*** Exercise data ***

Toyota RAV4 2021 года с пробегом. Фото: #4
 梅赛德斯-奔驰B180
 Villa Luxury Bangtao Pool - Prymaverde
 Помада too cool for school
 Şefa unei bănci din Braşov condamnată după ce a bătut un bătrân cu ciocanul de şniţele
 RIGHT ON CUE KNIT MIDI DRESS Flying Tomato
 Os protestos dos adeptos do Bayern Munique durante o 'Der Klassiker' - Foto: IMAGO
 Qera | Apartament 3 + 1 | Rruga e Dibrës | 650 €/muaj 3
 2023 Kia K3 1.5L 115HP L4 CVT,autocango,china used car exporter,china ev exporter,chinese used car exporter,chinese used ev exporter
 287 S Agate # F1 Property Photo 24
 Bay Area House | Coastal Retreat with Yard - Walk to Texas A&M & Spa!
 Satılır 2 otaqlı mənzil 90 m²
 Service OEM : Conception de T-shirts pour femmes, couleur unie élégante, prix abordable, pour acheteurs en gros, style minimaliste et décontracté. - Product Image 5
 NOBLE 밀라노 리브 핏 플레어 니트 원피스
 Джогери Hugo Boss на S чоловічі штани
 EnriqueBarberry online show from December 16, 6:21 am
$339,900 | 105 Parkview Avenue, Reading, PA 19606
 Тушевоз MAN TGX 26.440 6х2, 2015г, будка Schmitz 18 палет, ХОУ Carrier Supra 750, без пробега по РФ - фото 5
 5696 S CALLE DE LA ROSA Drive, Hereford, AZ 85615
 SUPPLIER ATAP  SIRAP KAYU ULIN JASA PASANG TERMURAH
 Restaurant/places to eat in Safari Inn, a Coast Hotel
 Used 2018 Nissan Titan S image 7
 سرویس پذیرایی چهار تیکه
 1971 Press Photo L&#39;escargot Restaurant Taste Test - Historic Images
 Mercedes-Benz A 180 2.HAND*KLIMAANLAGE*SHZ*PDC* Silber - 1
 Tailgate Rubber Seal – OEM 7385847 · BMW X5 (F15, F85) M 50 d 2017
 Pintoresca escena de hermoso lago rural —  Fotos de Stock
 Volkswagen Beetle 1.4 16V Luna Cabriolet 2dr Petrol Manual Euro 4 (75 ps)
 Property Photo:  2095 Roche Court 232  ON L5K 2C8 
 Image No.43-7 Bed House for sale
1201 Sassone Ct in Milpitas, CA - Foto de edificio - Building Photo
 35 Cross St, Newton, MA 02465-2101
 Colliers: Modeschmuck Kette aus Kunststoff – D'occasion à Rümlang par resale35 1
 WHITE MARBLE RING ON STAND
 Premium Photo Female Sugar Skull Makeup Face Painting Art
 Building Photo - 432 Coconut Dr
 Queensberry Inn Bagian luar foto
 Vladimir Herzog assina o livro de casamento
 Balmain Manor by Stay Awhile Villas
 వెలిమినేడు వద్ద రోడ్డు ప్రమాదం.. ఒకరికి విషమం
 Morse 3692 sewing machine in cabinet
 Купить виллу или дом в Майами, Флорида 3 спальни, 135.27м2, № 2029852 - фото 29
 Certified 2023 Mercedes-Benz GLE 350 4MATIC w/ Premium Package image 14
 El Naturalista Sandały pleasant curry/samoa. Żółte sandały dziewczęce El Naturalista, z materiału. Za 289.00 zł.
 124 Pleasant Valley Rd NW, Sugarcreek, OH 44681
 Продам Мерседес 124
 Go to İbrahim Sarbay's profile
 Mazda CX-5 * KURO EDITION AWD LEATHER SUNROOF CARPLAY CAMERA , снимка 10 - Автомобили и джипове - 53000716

*** End of Exercise data ***

■ **Task requirements**
Copy the listing in full. Match it word for word.

■ **Solution**
Toyota RAV4 2021 года с пробегом. Фото: #4
 梅赛德斯-奔驰B180
 Villa Luxury Bangtao Pool - Prymaverde
 Помада too cool for school
 Şefa unei bănci din Braşov condamnată după ce a bătut un bătrân cu ciocanul de şniţele
 RIGHT ON CUE KNIT MIDI DRESS Flying Tomato
 Os protestos dos adeptos do Bayern Munique durante o 'Der Klassiker' - Foto: IMAGO
 Qera | Apartament 3 + 1 | Rruga e Dibrës | 650 €/muaj 3
 2023 Kia K3 1.5L 115HP L4 CVT,autocango,china used car exporter,china ev exporter,chinese used car exporter,chinese used ev exporter
 287 S Agate # F1 Property Photo 24
 Bay Area House | Coastal Retreat with Yard - Walk to Texas A&M & Spa!
 Satılır 2 otaqlı mənzil 90 m²
 Service OEM : Conception de T-shirts pour femmes, couleur unie élégante, prix abordable, pour acheteurs en gros, style minimaliste et décontracté. - Product Image 5
 NOBLE 밀라노 리브 핏 플레어 니트 원피스
 Джогери Hugo Boss на S чоловічі штани
 EnriqueBarberry online show from December 16, 6:21 am
$339,900 | 105 Parkview Avenue, Reading, PA 19606
 Тушевоз MAN TGX 26.440 6х2, 2015г, будка Schmitz 18 палет, ХОУ Carrier Supra 750, без пробега по РФ - фото 5
 5696 S CALLE DE LA ROSA Drive, Hereford, AZ 85615
 SUPPLIER ATAP  SIRAP KAYU ULIN JASA PASANG TERMURAH
 Restaurant/places to eat in Safari Inn, a Coast Hotel
 Used 2018 Nissan Titan S image 7
 سرویس پذیرایی چهار تیکه
 1971 Press Photo L&#39;escargot Restaurant Taste Test - Historic Images
 Mercedes-Benz A 180 2.HAND*KLIMAANLAGE*SHZ*PDC* Silber - 1
 Tailgate Rubber Seal – OEM 7385847 · BMW X5 (F15, F85) M 50 d 2017
 Pintoresca escena de hermoso lago rural —  Fotos de Stock
 Volkswagen Beetle 1.4 16V Luna Cabriolet 2dr Petrol Manual Euro 4 (75 ps)
 Property Photo:  2095 Roche Court 232  ON L5K 2C8 
 Image No.43-7 Bed House for sale
1201 Sassone Ct in Milpitas, CA - Foto de edificio - Building Photo
 35 Cross St, Newton, MA 02465-2101
 Colliers: Modeschmuck Kette aus Kunststoff – D'occasion à Rümlang par resale35 1
 WHITE MARBLE RING ON STAND
 Premium Photo Female Sugar Skull Makeup Face Painting Art
 Building Photo - 432 Coconut Dr
 Queensberry Inn Bagian luar foto
 Vladimir Herzog assina o livro de casamento
 Balmain Manor by Stay Awhile Villas
 వెలిమినేడు వద్ద రోడ్డు ప్రమాదం.. ఒకరికి విషమం
 Morse 3692 sewing machine in cabinet
 Купить виллу или дом в Майами, Флорида 3 спальни, 135.27м2, № 2029852 - фото 29
 Certified 2023 Mercedes-Benz GLE 350 4MATIC w/ Premium Package image 14
 El Naturalista Sandały pleasant curry/samoa. Żółte sandały dziewczęce El Naturalista, z materiału. Za 289.00 zł.
 124 Pleasant Valley Rd NW, Sugarcreek, OH 44681
 Продам Мерседес 124
 Go to İbrahim Sarbay's profile
 Mazda CX-5 * KURO EDITION AWD LEATHER SUNROOF CARPLAY CAMERA , снимка 10 - Автомобили и джипове - 53000716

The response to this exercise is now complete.